童話書店の夢みるソーネチカ
 千花はなにかを振り払い、走り出していた。涙と暗闇で前も見えないまま、声の届かない場所を探して一心不乱に駆ける。

 寒さでかじかんだ足も今だけは千花の味方でいた。

 ……思い出した。このボロボロの服、さっきまで読んでいた絵本の中でシンデレラが着てたんだ。私いま、シンデレラなんだ。

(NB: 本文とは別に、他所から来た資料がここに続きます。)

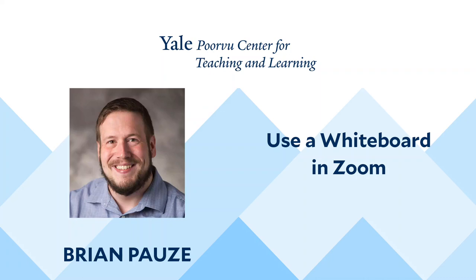Hi, I'm Brian Ponset with the Yale University Porvu Center for Teaching and Learning. Today, I will explain a few different options for whiteboarding within a Zoom session. Let's begin our tutorial.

 シンデレラが虐げられている不遇な少女だとは知っていた。それでもこんなにつらいの?傷だらけの服で、死ぬような寒さで、雑用を強いられて、言葉で抉られて。私はもう耐えられない。


 どこからか、少女の声が聞こえた。

 何といっているのか暴言が重なりある闇の中では判断できなかったけれど、千花を包み込むような優しい響きで、その声は千花を導いていた。

 顔を上げると、狭まった視界の遠方でかすかな光が宙を舞っている。

 不思議とあれは千花の味方でいてくれる存在だと思った。荒い息も収まらないままに、一歩一歩光を目指す。

 たどり着くまでの時間は長かったのだろうか。意識がはっきりすると、目と鼻の先にその光は佇んでいた。

 そうしてその場でくるくると回った後、手を振るように左右に揺れて、上空に弾けた。